A UK startup, working with the British government, has created what's believed to be the largest simulation of the internet ever made.
London startup Improbable's customers include computer gaming companies, financial services firms, governments and academic researchers, but this time an unnamed department of the British governmen approached the team for this ambitious project.
Their goal was to build a realistic simulation of the complete structure of the internet and the vast number of connections and networks that make up the World Wide Web, in order to see its weak spots and understand how to protect this crucial infrastructure from failure and attack.
Large-scale internet disruptions are far from rare, and often affect large portions of the world and causing widespread disruption.
In 2008, an ISP in Pakistan accidently blocked YouTube for a large portion of the world by misconfiguring a central server after it tried to block its citizens' access to anti-Islamic content.
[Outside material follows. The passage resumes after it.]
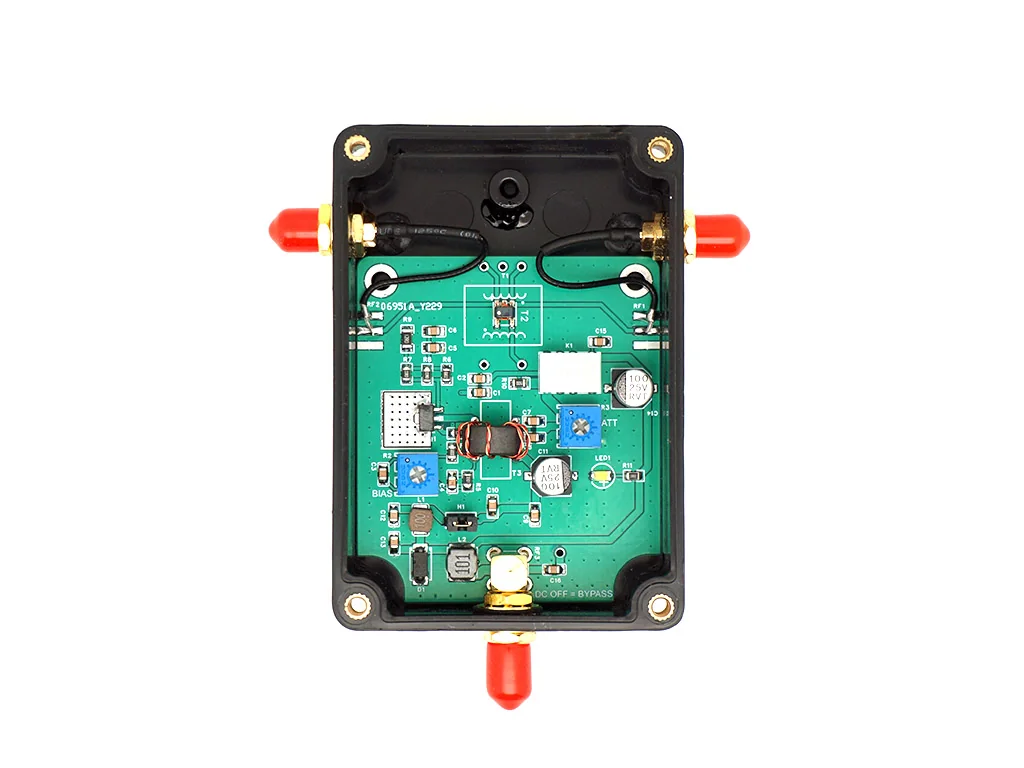 Youloop balun box with preamp inside view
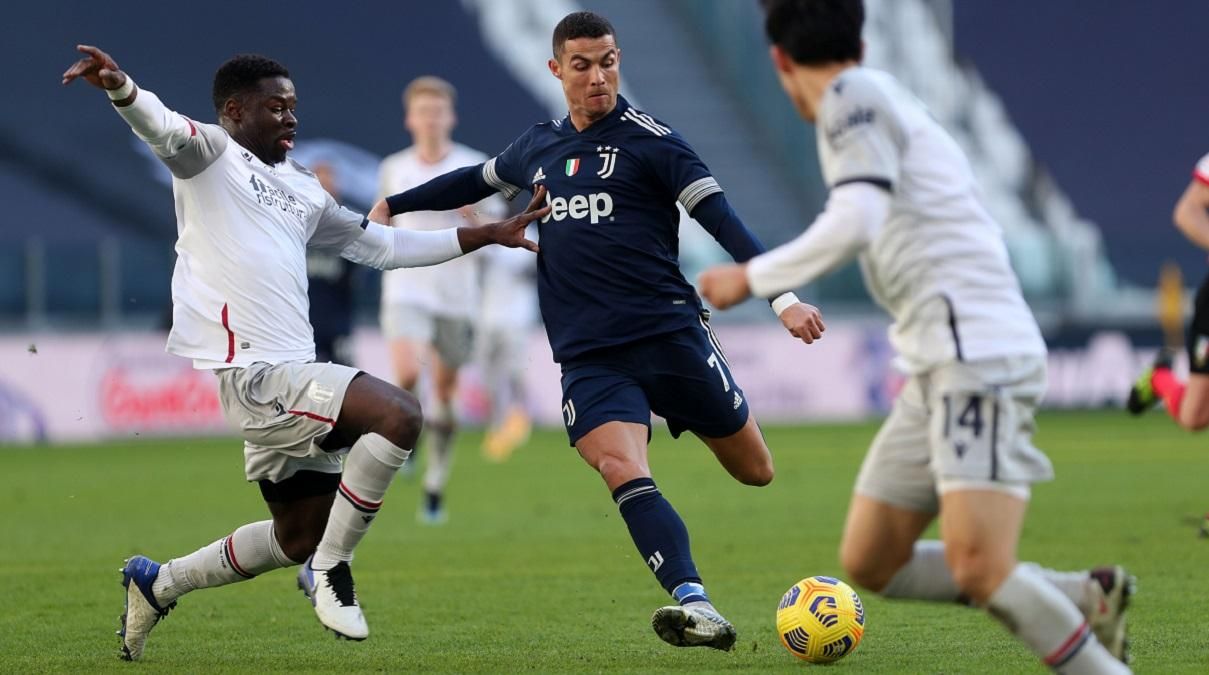 Ювентус благодаря курьезному голу легко одолел Болонью: видео Ювентус благодаря курьезному голу легко одолел Болонью: видео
And this January Telstra, Australia’s largest telecoms provider, suffered a country wide outage that affected 16.7 million subcribers, costing the company millions in compensation and causing massive disruption for businesses.
Underwater cables can be accidently damaged and Distributed Denial of Service (DDoS) attacks can wreak havok on ordinary internet uses, as in the case of the 2013 attack against non-profit company Spamhaus, which cut off internet for millions of people.
Improbable's simulation allows you to create and delete ISPs, configure links between them, or load in data from the real world.